La primera expresión del populismo vino de la izquierda, y eso hizo que a muchos les cogiera con la guardia baja
Los niños malos de las casas bien, para quienes el juego de la revolución fue siempre su pasatiempo favorito, propusieron hacer saltar todo por los aires mientras la gente sencilla asentía ante aquel despliegue de conceptos con la misma ingenuidad con la que un paciente se rinde ante las manos del doctor. La clase trabajadora estaba harta, también como siempre, y unos chicos listos y leídos dijeron que iban a defenderlos con libros de Chantal Mouffe y Carl Schmitt debajo del brazo.
La terapia que proponían era desde luego novedosa: no sólo había que atacar la Transición, sino que había que deslegitimar el canon cultural que la hizo posible. Muñoz Molina, todavía lo recuerdo, era el blanco favorito. Algunos, como mi amigo Mario, de Orcasitas, escuchaban fascinados aquel rumor populista aunque en la intimidad se derrumbasen y confesaran que El jinete polaco les parecía una excelente novela, cosa que obviamente es cierta.

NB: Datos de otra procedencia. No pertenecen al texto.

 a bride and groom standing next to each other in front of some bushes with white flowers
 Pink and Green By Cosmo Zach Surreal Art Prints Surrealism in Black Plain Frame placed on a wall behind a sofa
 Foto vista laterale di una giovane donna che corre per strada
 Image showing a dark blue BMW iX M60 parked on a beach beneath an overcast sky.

Aquellos eran los años en los que “el miedo iba a cambiar de bando”, en los que se justificaba “el jarabe democrático” y en los que miles de encapuchados rodearon el Congreso nadie sabe ya por qué motivo. Todas esas acciones habrían sido censuradas por cualquier izquierda ilustrada y, sin embargo, fueron homologadas como una travesura algo desmesurada de una juventud a la que, por cierto, razón no le faltaba.
Creo que, como dijo Vargas Llosa, ahí se jodió el Perú. España tuvo la desgracia de que la primera expresión del populismo vino desde la izquierda, lo que hizo que a mucha gente cabal le cogiera con la guardia baja sin prever que el marco populista es una condición formal y adaptable a cualquier signo político.

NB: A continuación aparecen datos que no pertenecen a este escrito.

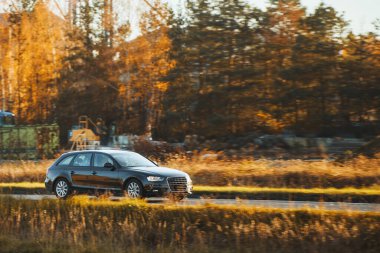 Kırsal yolda siyah bir araba sürüyordu.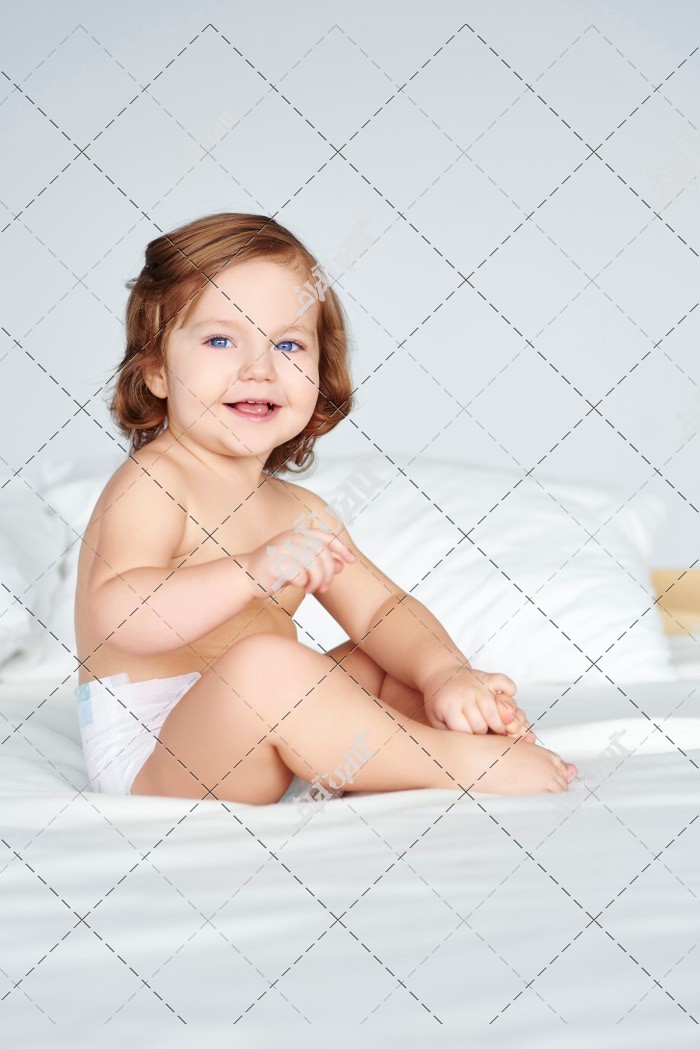 عکس کودک با پوشک روی تخت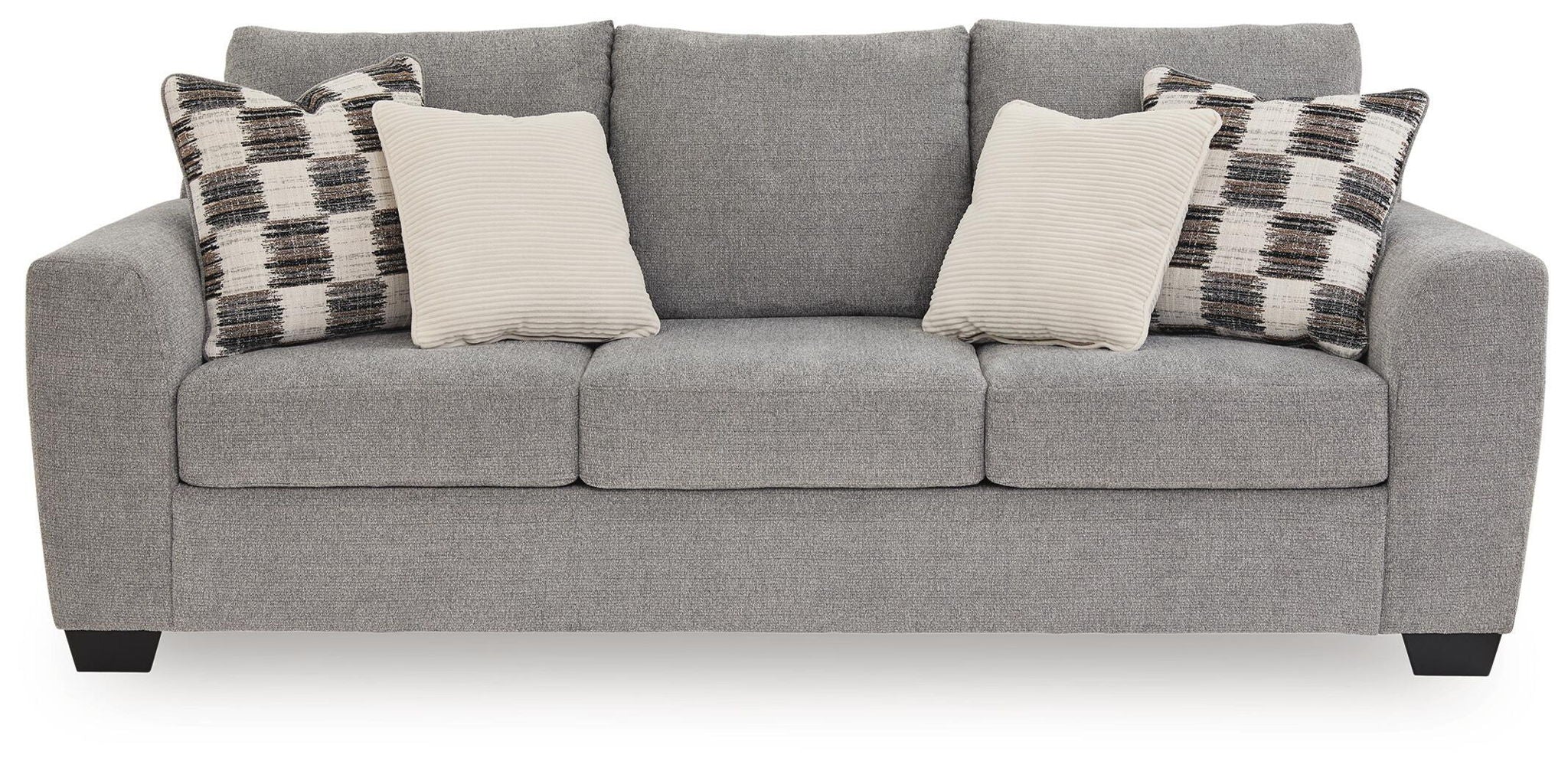 Sofa sleeper, medium gray upholstery with plaid and white throw pillows.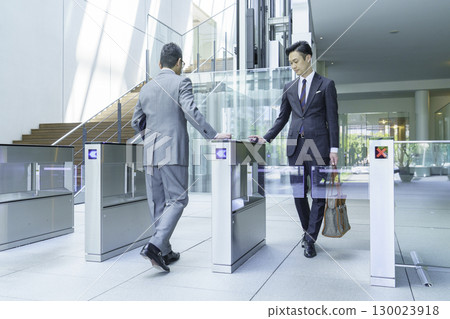 A businessman in a suit walking through the office entrance. Photo courtesy of Sky Perfect Tokyo Media Center. 130023918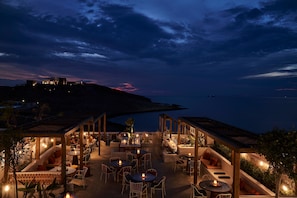 An outdoor dining area with tables and chairs, surrounded by wooden structures and plants. - Andronis Minois (Paros)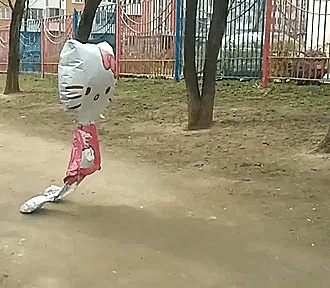 a balloon in the shape of a hello kitty is flying through the air .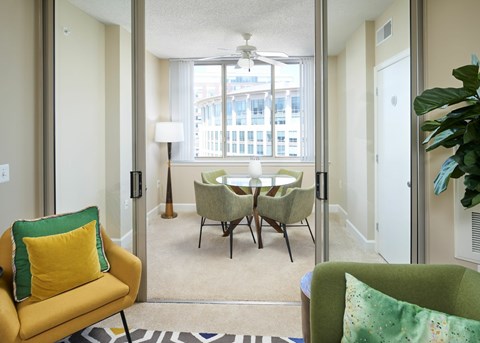 A living room with a yellow chair and a green chair with a table and chairs in the background.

Pasó el tiempo y, a través del butrón antiliberal que abrió Podemos, el populismo más conservador no tardó en posicionar a sus peones. Cuando se trata de crear enemigos, de agitar el miedo y de apelar a la emotividad más baja, pocos saben hacerlo mejor que Vox. Un partido roto y con el césped embarrado era un terreno propicio para el advenimiento de esta fuerza política que terminaría por darle cerco a los viejos usos y maneras liberales.
Para quien no tiene mejores talentos, no hay mejor política que aquella que engendrar adversarios
Si los chicos de Podemos teorizaban sobre “el sintagma vacío”, los de Abascal supieron reconocerlo a la primera en el más viejo de los símbolos políticos: la bandera. La temperatura y el ruido siguieron subiendo hasta el punto de que los partidos tradicionales sintieron la tentación de sumarse al derrumbamiento de los protocolos formales, el respeto por las instituciones y la custodia de la palabra pública.
La nueva política no trajo ninguna regeneración al Congreso y sí muchas camisetas con mensaje y mascarillas con banderas. La mala fortuna quiso que, en medio de este declive, nuestro país tuviera que enfrentar uno de los retos políticos más complejos de su historia reciente con la gestión de la Covid-19.
Entre los viejos partidos, a un lado había un comité de expertos invisible y al otro, un licenciado del CES Cardenal Cisneros despedía a una doctora por Oxford. El mundo al revés, pero de poco servirá agitar la verdad prudente e ilustrada mientras el mantra esencial del populismo se hace carne a lo largo y ancho del espectro ideológico. No inquietan sus mentiras, lo que de verdad da miedo son sus verdades.
Todos han aprendido que nada une más que un enemigo común, y para quien no tiene mejores talentos no hay mejor política que aquella que sólo sabe engendrar adversarios. Recuerdo ahora a Nicanor Parra, quien en uno de sus artefactos poéticos advirtió que la izquierda y la derecha unidas jamás serían vencidas. Tenía razón el chileno, aunque no quizá en el sentido que propuso. Maldito genio. Aquella jaculatoria que concibió en clave humorística apunta hoy a una terrible realidad: a esta izquierda y a esta derecha ya no hay quien las pare.
*** Diego S. Garrocho Salcedo es profesor de Ética de la Universidad Autónoma de Madrid.